Try to enter Egypt with a drone and expect to face arrest and an unsympathetic legal system. Botswana bans them too. Ironically their neighbouring Namibia is quite relaxed about drones. The only exception is in the game parks and reserves where they are strictly forbidden.

Countries like Turkey and India have ever changing regulations, that mean it requires a lot of expertise to take a drone across their borders.

Counter drone regulations in aviation

Counter drone regulations are not only to the countries that are being entered either. FAA and CAA regulations are very strict about the carriage of batteries. a drone should be carried in a hard shell case if the owner really wants to minimise damage.  As a fragile item it should be taken on board.
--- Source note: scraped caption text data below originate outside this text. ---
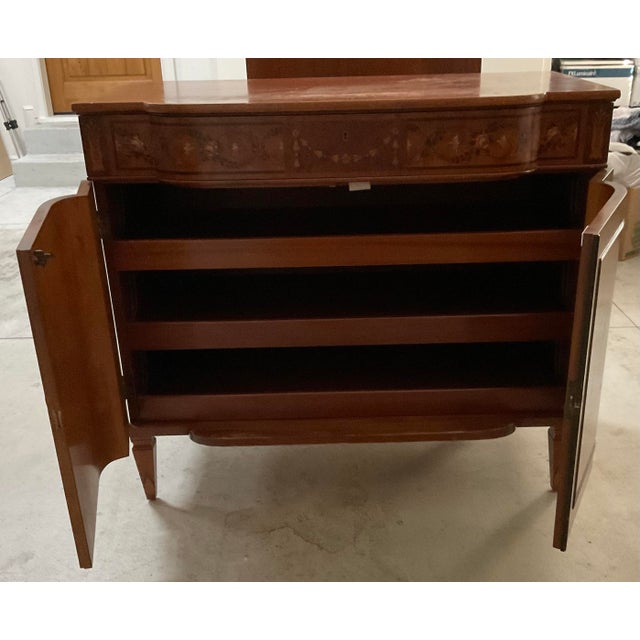 1920’s English Hand Painted Buffet Dresser Commode Cabinet For Sale In Dallas - Image 6 of 6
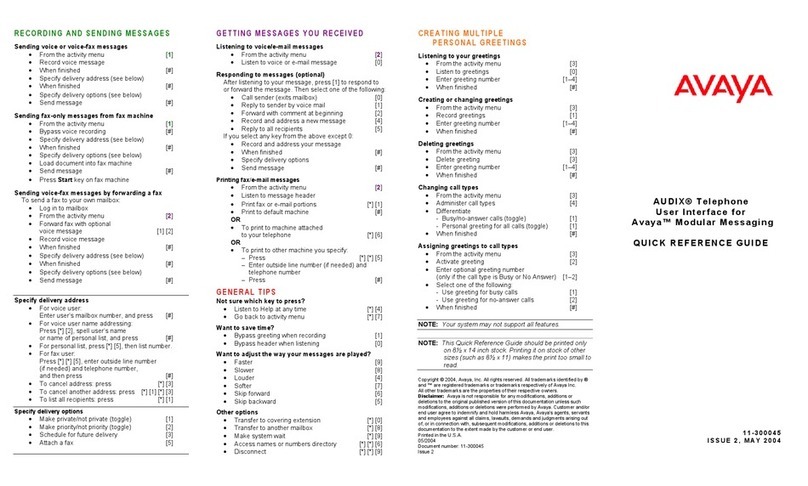 Avaya Audix Quick reference guide
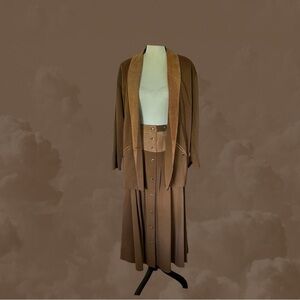 Vintage Western/English Pigskin Leather Trim Skirt & Jacket  HTF Set. Sz.M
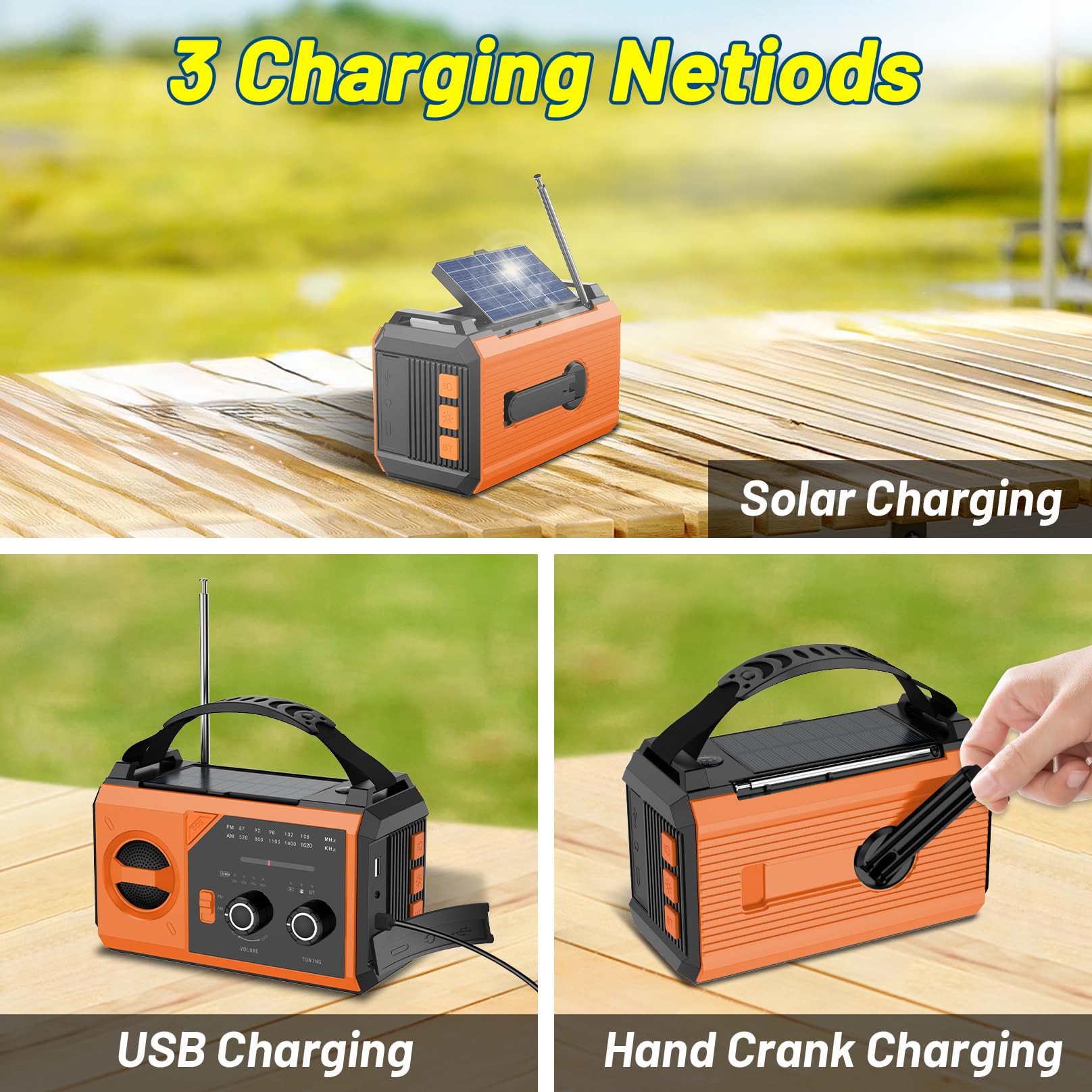 Radio Emergenza 30000mAh Con Manovella E Solare - Bluetooth 5.3, Torcia SOS, Per Campeggio E Emergenze - Foto 8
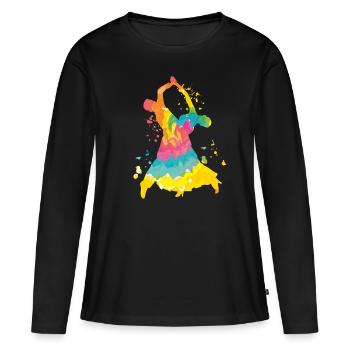Danses de salon Tango Slow Fox - T-shirt manches longues Premium bio Femme - noir - Devant - Julia (174cm)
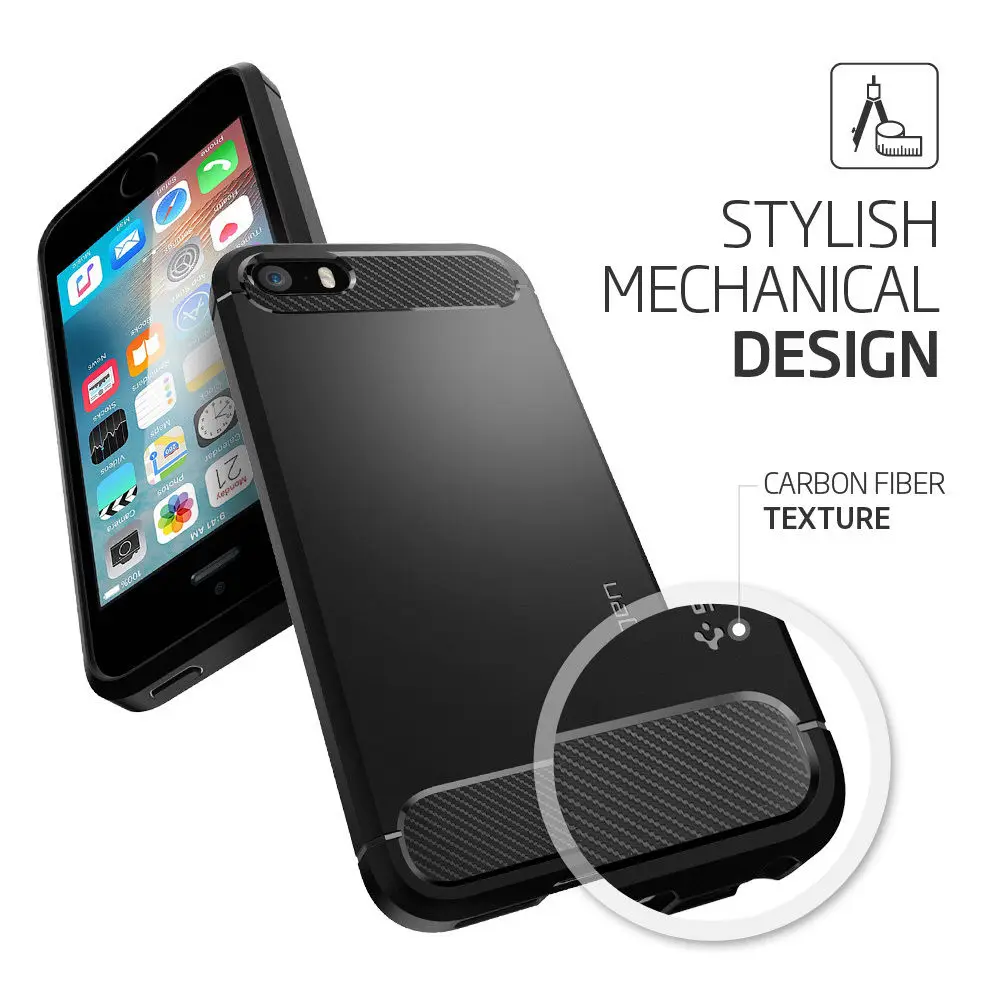 100% Оригинальные SPIGEN прочный защитный чехол подставка для iPhone 5S / SE 5|case for iphone|armor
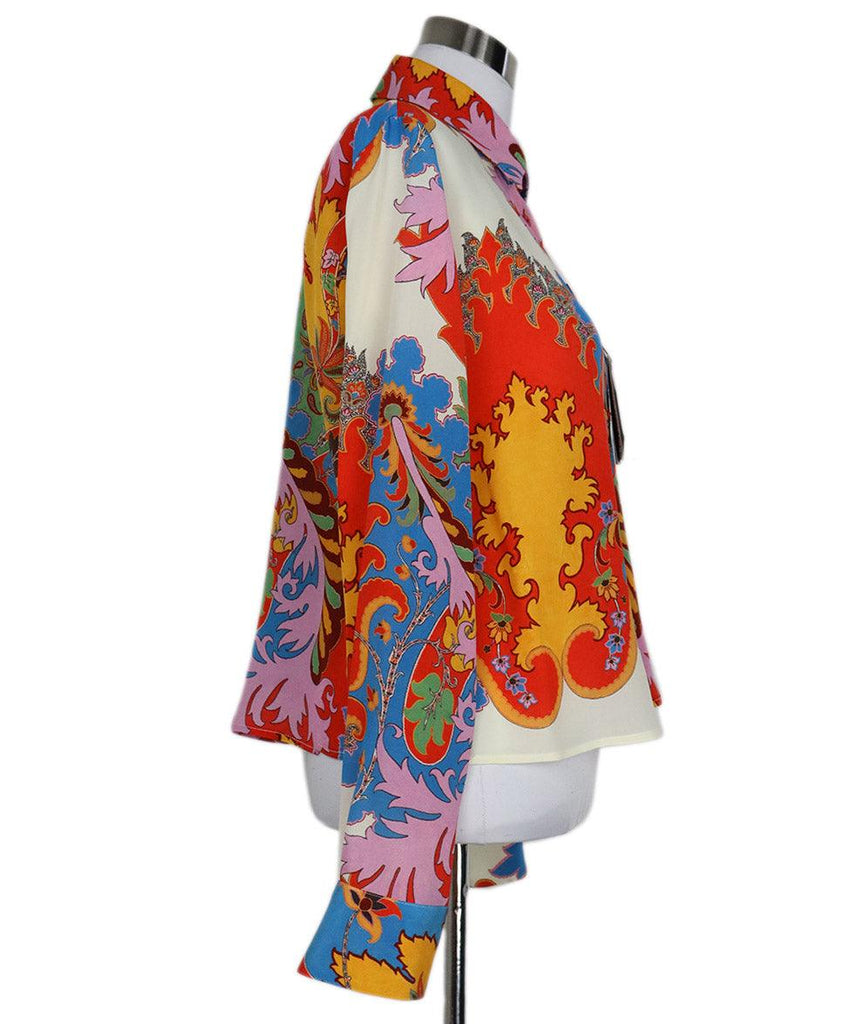 Etro Multicolor Print Silk Blouse sz 6 - Michael's Consignment NYC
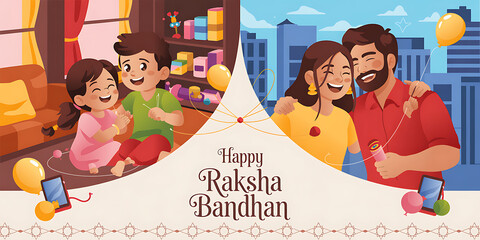 Happy Raksha Bandhan: Brother and Sister with Traditional Rakhi Design | Raksha Bandhan Banner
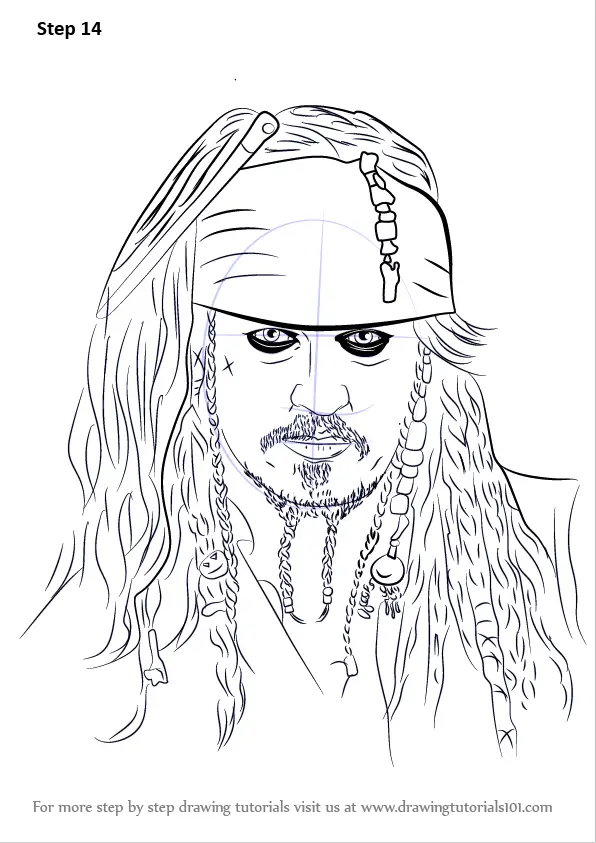 Step by Step How to Draw Captain Jack Sparrow : DrawingTutorials101.com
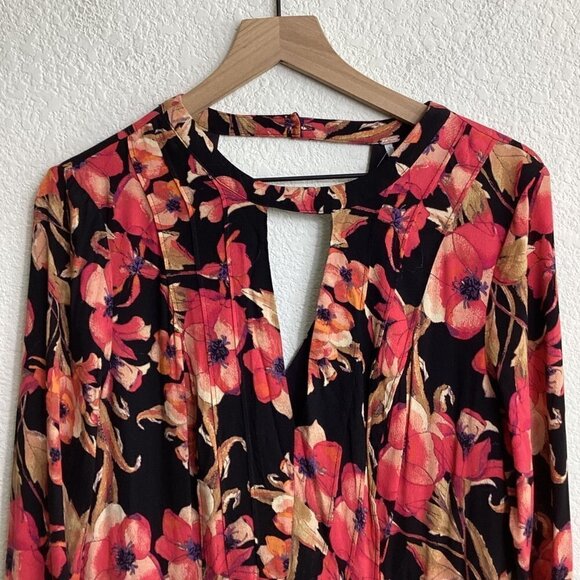 Free People Tegan Red Black Mini Dress Size 12 Bell Sleeves Pockets Boho Style - Picture 9 of 14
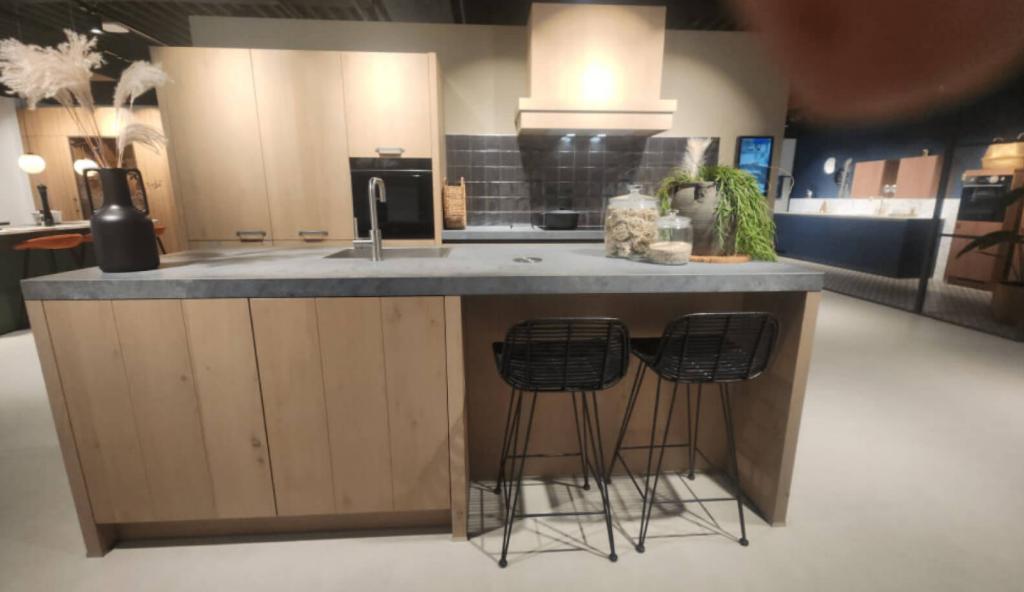 Showroomkeuken Aerdenhout Grijs Eiken, Ophalen, Overige kleuren, Overige typen, Nieuw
The size of the case will determine whether the airline will permit this to happen.

Batteries are another area of concern. It is not permitted to board a passenger plane with more than two lithium ion batteries with a capacity over 100 watt hours. There is no restriction on lithium ion batteries below this capacity. Although this is standard policy, there will always be an exception to the rule, so it is imperative that the airline is contacted before travel.

You will also discover that you must carry the batteries on your person. Check them in and you can be sure your luggage will be rejected once it goes through the x ray process.

The US requires that a drone is registered before it can be flown. There is an online registration process on the FAA website. Unfortunately, this registration can only take place from within the US. If all the safety regulations are met, drones can be brought into the US. They simply cannot be flown until the registration process has been completed.

What about toys?

In most countries, except for where drones are banned outright, the regulations define a toy drone clearly. These regulations will usually define the wingspan, weight and camera capacity. Adding to the confusion,  definitions will differ from country to country. This will make counter drone laws even more difficult to work your way through.

Until there has been sufficient international consensus on drones and how they affect security, the confusion will continue. There is only one way to be sure what the rules are and that is to ask. Ask the relevant authority. It is probable that a clerk in an embassy is not going to be able to tell anyone.

What has become clear is that counter drone activity has increased substantially over recent years. The risks associated with a lack of regulation have been the core contribution to this. In fact, there are businesses that now take portable drone jammers with them when travelling abroad. These are counter drone strategies to protect intellectual property when negotiating business deals. Seems like the drone has come full circle.